Pendidikan

Seminar

 

 


Latar Belakang

Bahwa hampir satu dasa warsa perjalanan otonomi daerah pasca pemerintahan Orde Baru, masih banyak permasalahan yang perlu pembenahan secara menyeluruh dan mendasar. Otonomi daerah yang lahir dari semangat reformasi dan merupakan antitesa dari pola desentralisasi Orde Baru yang otoriter, ternyata masih jauh dari sasaran utamanya.

Bahwa dua hal pokok yang merupakan puncak dari pelaksanaan otonomi daerah adalah redistribusi kewenangan di bidang pemerintahan dan fiskal. Kedua persoalan itu dituangkan dalam UU Nomor 32 tahun 2004 tentang Pemerintahan Daerah dan UU Nomor 33 tahun 2004 tentang Perimbangan Keuangan Antara Pemerintah Pusat dan Pemerintah Daerah. Menurut UU Nomor 32 tahun 2004, otonomi daerah dititik beratkan pada daerah kabupaten dan kota sebagai daerah otonom dan tidak dirangkap dengan wilayah administrasi. Adapun yang berkaitan dengan UU Nomor 33 tahun 2004 tentang Perimbangan Keuangan Antara Pemerintah Pusat dan Pemerintah Daerah, kewenangan pemerintah daerah makin diperluas, khususnya dalam penerimaan (revenue) dan pengeluaran (expenditure).

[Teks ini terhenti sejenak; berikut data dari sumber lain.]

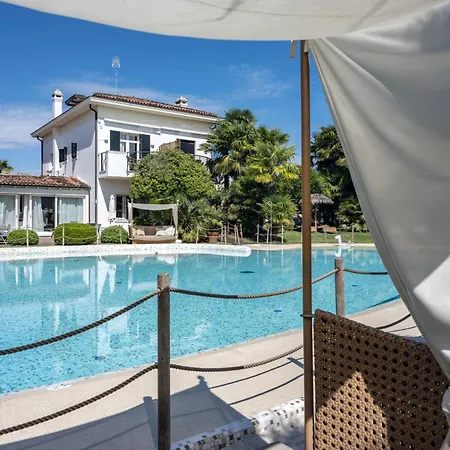 Carlotta Lido * Lido di Jesolo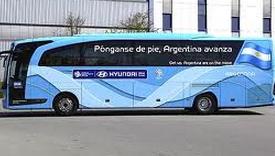 lima-sassaiola-contro-il-pullman-dellargentina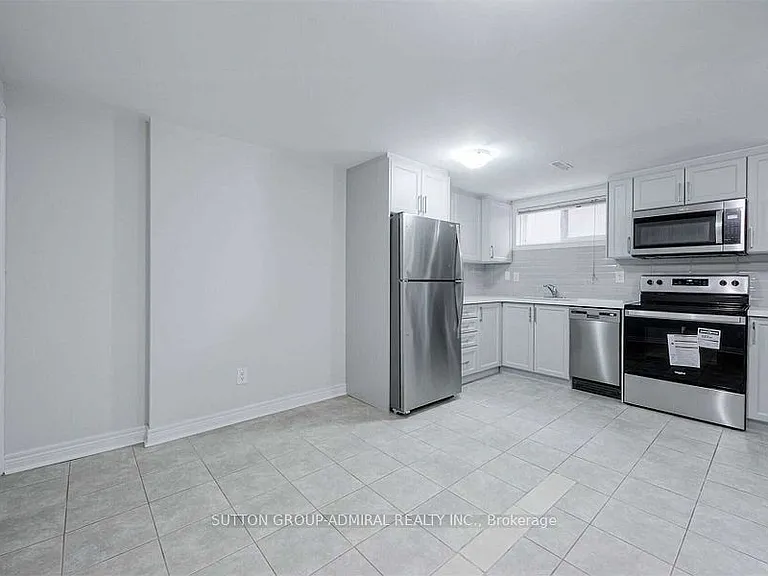 52 Farrell Ave #BASEMENT — Photo 12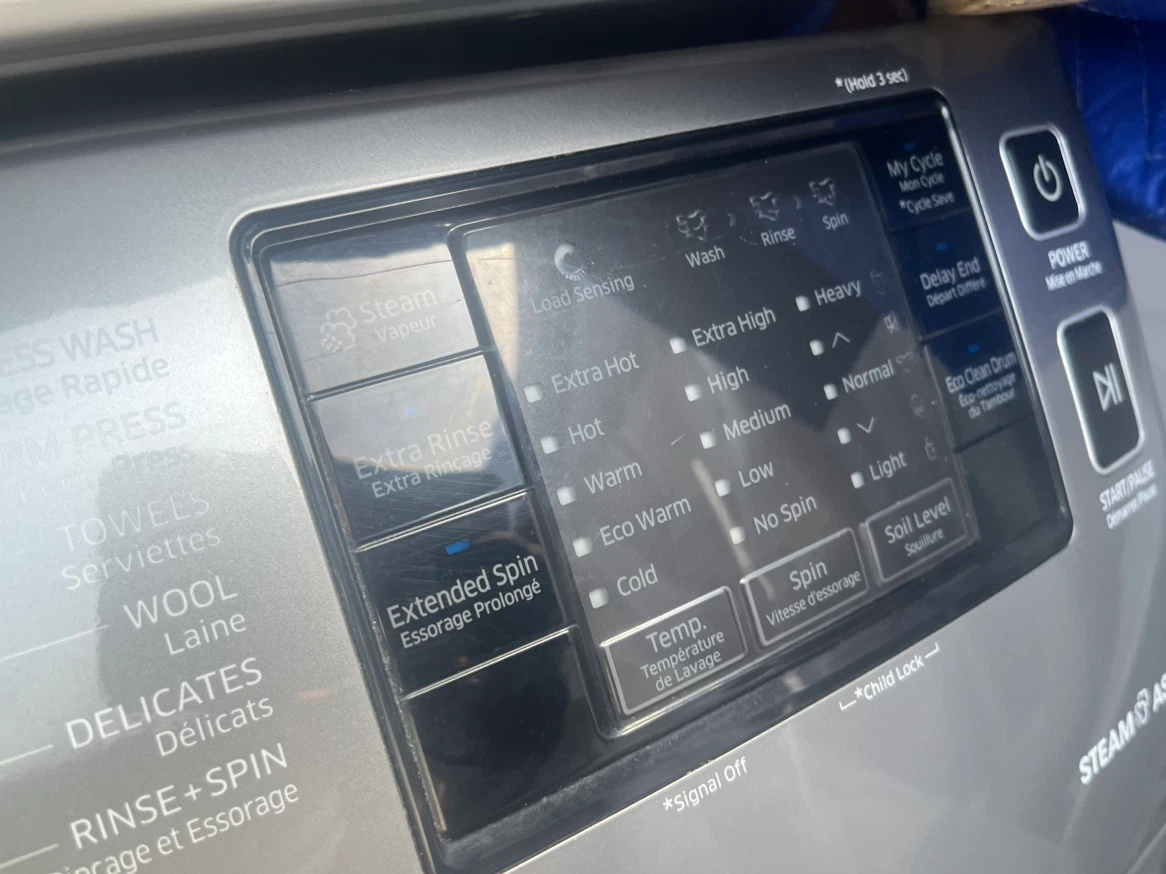 Washer and dryer - photo 2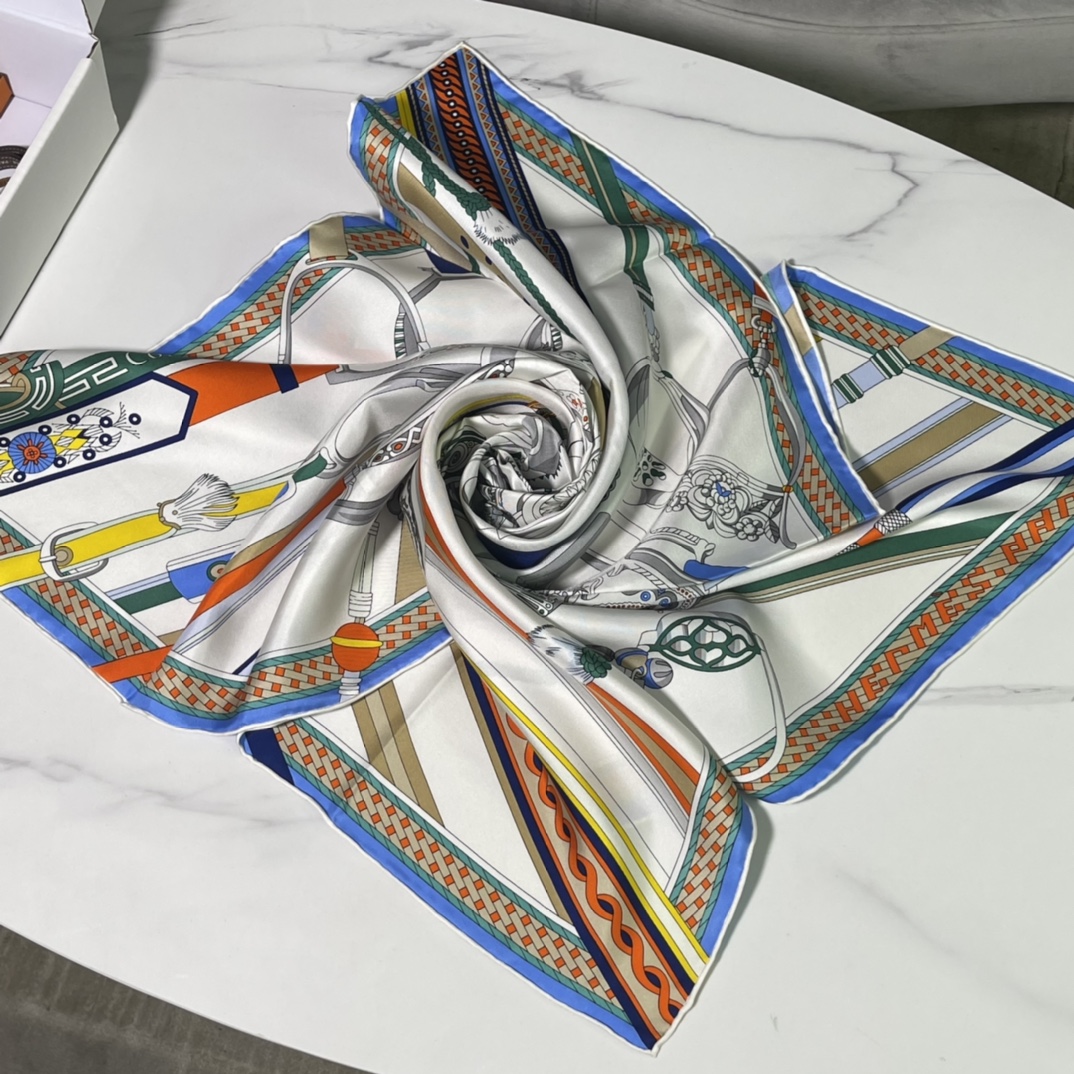 Hermes 新品 2022新款. “马镫竞赛”主题水洗方巾 90*90cm 纯手工包边 100%真丝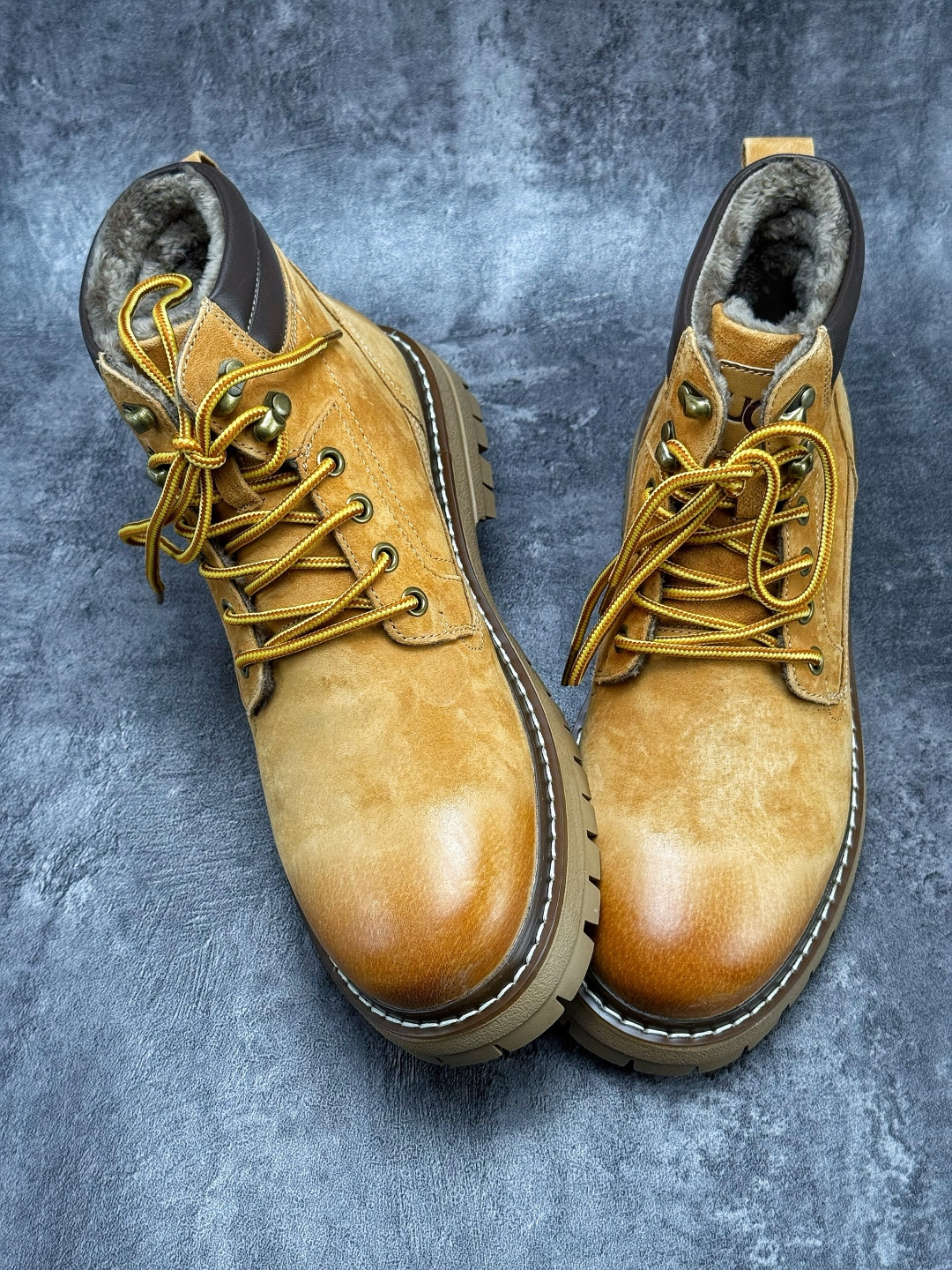 290 美国轻奢品牌UGG Martin boots 系列中帮男士系带百搭工装机车休闲马丁鞋“麂皮卡其暗棕” S/U5856MD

Salah satu sektor yang dapat diharapkan menjadi pendapatan daerah terutama di perkotaan adalah melalui sektor properti. Potensi sektor properti di daerah tidak hanya dalam pembangunan properti saja, namun juga menyangkut pengelolaan properti yang sudah termanfaatkan ataupun yang belum termanfaatkan secara optimal. Banyak sumber yang dapat ditarik dari sektor properti, baik yang termasuk dalam kategori sumber penerimaan konvensional (seperti: PBB, PP1, BPHTB dan lain-lain) maupun sumber penerimaan baru atau non konvensional (seperti: Development Impact Fees, penerimaan akibat perubahan harga dasar tanah dan lain-lain).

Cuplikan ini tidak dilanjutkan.